- [ABOUT THIS EXERCISE]:
Only one stretch of the data should be retyped: the lines from the line containing "Kenza - rencontre-Cougar-Vaulx-en-Velin" through the line containing "о наших детях". Keep pictures out of it.

- [THE INPUT]:
-- Opening Marker --
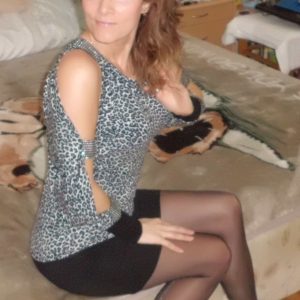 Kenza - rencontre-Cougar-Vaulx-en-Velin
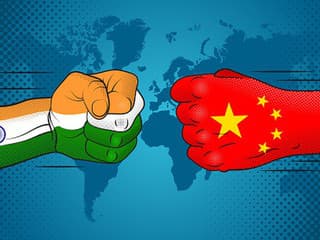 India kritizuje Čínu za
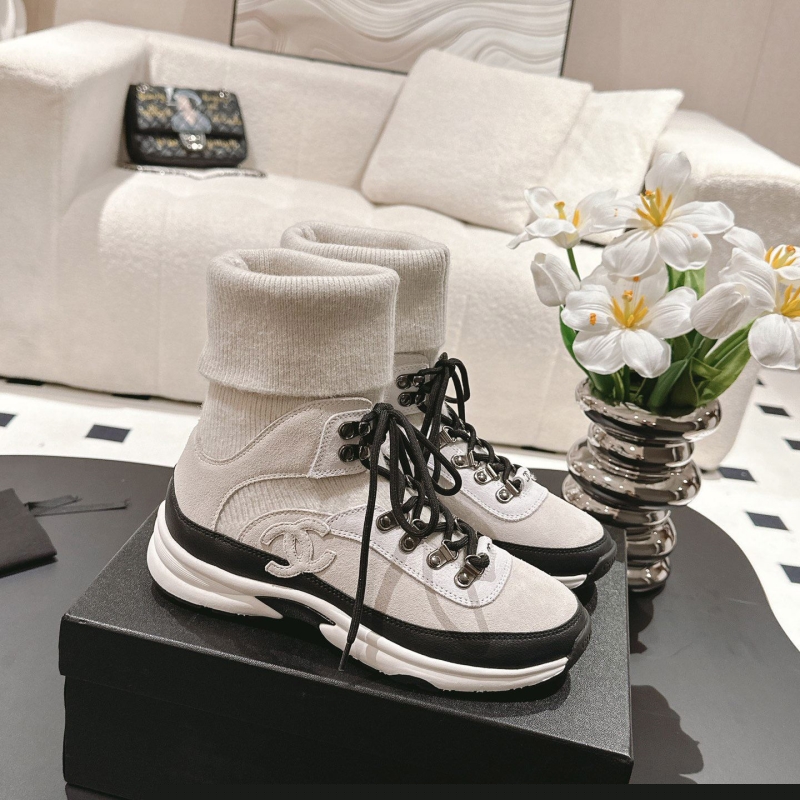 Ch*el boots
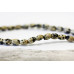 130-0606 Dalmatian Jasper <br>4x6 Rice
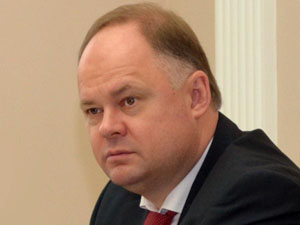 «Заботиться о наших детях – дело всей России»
-- Closing Marker --
-- Opening Marker --
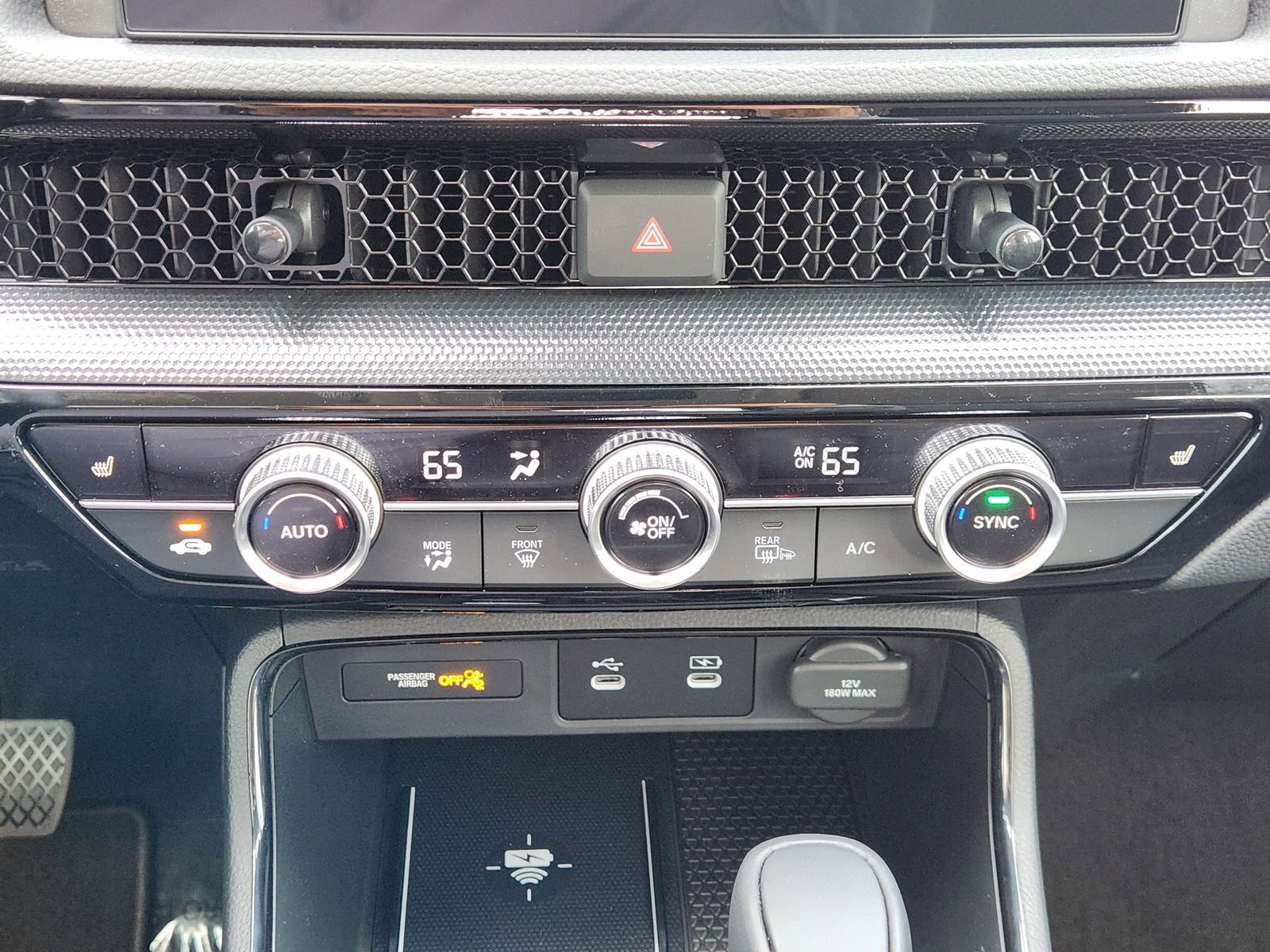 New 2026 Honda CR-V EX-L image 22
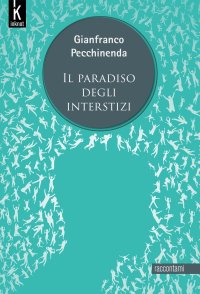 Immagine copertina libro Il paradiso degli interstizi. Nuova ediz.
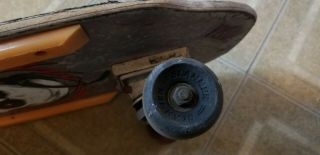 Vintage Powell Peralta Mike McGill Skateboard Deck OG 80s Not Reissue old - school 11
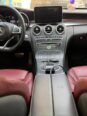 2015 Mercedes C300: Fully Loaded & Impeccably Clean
-- Closing Marker --
- [RESULT OF THE EXERCISE]:
 Kenza - rencontre-Cougar-Vaulx-en-Velin
 India kritizuje Čínu za
 Ch*el boots
 130-0606 Dalmatian Jasper <br>4x6 Rice
 «Заботиться о наших детях – дело всей России»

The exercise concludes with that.